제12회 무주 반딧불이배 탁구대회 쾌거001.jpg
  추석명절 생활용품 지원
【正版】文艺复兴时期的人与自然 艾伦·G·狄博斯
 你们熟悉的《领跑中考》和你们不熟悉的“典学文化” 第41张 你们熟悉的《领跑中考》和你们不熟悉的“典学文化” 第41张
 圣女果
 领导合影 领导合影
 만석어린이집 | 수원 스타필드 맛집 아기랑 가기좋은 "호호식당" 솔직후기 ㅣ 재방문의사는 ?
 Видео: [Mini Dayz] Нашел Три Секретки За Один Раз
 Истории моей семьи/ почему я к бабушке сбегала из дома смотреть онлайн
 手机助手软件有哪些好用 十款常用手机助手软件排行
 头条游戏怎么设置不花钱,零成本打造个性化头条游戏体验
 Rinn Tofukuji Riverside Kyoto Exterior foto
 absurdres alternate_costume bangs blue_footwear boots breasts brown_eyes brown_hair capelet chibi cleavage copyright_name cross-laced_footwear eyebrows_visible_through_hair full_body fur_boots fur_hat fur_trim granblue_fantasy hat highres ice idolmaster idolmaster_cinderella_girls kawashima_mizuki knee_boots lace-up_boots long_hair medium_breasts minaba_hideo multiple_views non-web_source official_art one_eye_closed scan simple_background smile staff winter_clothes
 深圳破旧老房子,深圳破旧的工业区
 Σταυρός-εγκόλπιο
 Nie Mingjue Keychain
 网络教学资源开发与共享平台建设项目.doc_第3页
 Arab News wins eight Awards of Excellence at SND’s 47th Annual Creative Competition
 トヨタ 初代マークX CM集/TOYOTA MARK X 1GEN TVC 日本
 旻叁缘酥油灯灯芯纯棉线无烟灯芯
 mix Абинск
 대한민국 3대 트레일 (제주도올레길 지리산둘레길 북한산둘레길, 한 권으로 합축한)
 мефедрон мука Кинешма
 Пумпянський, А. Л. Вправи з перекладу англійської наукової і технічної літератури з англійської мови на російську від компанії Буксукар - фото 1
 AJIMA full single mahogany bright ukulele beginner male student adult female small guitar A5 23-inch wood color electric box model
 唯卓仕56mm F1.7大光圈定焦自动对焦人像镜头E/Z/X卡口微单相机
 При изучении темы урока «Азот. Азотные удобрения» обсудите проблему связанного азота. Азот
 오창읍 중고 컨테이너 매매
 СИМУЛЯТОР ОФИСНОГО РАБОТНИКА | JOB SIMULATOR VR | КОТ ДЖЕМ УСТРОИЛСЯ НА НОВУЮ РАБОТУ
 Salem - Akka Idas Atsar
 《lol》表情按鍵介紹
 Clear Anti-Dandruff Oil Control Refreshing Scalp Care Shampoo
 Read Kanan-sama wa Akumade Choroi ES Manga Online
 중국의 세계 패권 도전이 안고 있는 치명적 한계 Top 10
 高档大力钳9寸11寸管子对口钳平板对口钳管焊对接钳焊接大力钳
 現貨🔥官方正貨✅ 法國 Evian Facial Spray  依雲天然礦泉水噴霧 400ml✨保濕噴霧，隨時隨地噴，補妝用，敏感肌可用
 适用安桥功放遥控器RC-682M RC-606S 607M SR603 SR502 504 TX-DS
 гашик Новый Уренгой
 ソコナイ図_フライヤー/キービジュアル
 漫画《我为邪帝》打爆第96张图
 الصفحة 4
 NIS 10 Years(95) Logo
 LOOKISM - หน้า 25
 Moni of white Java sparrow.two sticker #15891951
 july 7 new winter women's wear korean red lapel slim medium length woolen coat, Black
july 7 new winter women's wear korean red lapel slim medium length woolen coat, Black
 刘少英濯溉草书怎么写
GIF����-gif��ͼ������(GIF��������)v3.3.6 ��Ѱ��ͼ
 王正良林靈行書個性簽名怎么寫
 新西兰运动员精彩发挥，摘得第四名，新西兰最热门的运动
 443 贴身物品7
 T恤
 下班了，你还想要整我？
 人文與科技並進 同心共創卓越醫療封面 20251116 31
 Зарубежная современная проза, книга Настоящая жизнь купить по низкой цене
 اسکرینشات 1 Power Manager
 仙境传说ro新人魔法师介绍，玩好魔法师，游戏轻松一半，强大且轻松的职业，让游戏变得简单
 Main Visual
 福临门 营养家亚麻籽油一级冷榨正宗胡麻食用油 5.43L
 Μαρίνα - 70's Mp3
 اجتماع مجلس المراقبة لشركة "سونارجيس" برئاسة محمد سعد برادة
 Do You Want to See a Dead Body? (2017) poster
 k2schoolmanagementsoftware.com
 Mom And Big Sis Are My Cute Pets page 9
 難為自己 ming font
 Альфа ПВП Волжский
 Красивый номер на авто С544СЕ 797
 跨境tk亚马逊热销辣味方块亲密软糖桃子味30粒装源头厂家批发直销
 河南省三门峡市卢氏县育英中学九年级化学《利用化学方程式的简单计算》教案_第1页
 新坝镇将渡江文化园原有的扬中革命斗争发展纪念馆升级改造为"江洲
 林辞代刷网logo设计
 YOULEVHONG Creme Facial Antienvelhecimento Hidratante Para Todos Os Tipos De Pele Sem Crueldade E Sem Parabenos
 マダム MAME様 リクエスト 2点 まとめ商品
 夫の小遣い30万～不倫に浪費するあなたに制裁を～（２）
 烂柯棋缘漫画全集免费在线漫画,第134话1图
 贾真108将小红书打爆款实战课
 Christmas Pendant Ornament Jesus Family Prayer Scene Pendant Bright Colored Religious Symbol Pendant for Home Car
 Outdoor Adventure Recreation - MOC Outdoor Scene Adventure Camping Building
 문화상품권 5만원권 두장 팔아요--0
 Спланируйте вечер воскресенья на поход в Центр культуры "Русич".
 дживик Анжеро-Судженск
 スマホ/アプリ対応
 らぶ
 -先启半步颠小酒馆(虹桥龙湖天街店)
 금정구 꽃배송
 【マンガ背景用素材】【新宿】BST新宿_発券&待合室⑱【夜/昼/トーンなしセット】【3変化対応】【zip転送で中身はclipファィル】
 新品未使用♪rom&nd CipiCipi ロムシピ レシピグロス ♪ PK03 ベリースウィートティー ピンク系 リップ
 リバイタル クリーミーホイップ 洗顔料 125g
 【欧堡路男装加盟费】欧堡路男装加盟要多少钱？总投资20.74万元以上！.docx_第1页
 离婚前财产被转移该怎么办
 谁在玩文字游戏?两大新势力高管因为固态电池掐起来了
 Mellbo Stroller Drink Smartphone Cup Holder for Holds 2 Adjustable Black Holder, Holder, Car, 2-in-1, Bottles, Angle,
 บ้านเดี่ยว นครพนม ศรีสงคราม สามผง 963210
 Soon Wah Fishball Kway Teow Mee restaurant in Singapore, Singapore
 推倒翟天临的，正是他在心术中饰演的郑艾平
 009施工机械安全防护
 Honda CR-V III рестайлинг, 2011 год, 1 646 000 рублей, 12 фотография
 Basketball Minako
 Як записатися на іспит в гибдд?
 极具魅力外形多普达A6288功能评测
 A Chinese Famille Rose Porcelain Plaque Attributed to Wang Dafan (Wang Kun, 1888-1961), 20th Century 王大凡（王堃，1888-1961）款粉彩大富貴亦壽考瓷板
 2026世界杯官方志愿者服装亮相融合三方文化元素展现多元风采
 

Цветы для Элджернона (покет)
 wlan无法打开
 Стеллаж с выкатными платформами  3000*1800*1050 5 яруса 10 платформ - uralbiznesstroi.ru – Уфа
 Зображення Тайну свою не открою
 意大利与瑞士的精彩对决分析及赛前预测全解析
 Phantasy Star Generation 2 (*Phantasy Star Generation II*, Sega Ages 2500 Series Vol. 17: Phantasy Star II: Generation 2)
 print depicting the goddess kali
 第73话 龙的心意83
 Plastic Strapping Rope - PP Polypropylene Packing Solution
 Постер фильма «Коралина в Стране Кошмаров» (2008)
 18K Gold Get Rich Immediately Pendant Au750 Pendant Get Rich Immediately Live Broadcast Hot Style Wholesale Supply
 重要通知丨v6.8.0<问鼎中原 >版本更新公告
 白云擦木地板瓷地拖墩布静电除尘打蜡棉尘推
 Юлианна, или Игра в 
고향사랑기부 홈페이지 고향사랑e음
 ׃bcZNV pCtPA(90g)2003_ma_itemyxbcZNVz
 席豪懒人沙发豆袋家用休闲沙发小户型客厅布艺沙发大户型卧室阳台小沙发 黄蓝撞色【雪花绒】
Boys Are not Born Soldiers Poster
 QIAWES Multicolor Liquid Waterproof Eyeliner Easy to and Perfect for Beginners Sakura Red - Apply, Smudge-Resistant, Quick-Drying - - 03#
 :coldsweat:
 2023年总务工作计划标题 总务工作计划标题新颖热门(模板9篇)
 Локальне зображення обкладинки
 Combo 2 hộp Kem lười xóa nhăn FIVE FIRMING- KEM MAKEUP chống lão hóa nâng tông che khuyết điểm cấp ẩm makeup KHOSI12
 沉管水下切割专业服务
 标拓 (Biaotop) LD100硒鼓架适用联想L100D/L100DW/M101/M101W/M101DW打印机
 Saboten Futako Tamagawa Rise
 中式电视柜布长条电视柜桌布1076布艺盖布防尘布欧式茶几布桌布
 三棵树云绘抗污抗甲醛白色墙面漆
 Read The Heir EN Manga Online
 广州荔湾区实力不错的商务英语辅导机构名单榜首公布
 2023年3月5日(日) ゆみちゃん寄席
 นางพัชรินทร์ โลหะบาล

════════════════════

Each line in the listing above from the one containing "Зображення Тайну свою не открою" through the one containing "고향사랑기부 홈페이지 고향사랑e음" should be repeated exactly, and no other line.

 Зображення Тайну свою не открою
 意大利与瑞士的精彩对决分析及赛前预测全解析
 Phantasy Star Generation 2 (*Phantasy Star Generation II*, Sega Ages 2500 Series Vol. 17: Phantasy Star II: Generation 2)
 print depicting the goddess kali
 第73话 龙的心意83
 Plastic Strapping Rope - PP Polypropylene Packing Solution
 Постер фильма «Коралина в Стране Кошмаров» (2008)
 18K Gold Get Rich Immediately Pendant Au750 Pendant Get Rich Immediately Live Broadcast Hot Style Wholesale Supply
 重要通知丨v6.8.0<问鼎中原 >版本更新公告
 白云擦木地板瓷地拖墩布静电除尘打蜡棉尘推
 Юлианна, или Игра в 
고향사랑기부 홈페이지 고향사랑e음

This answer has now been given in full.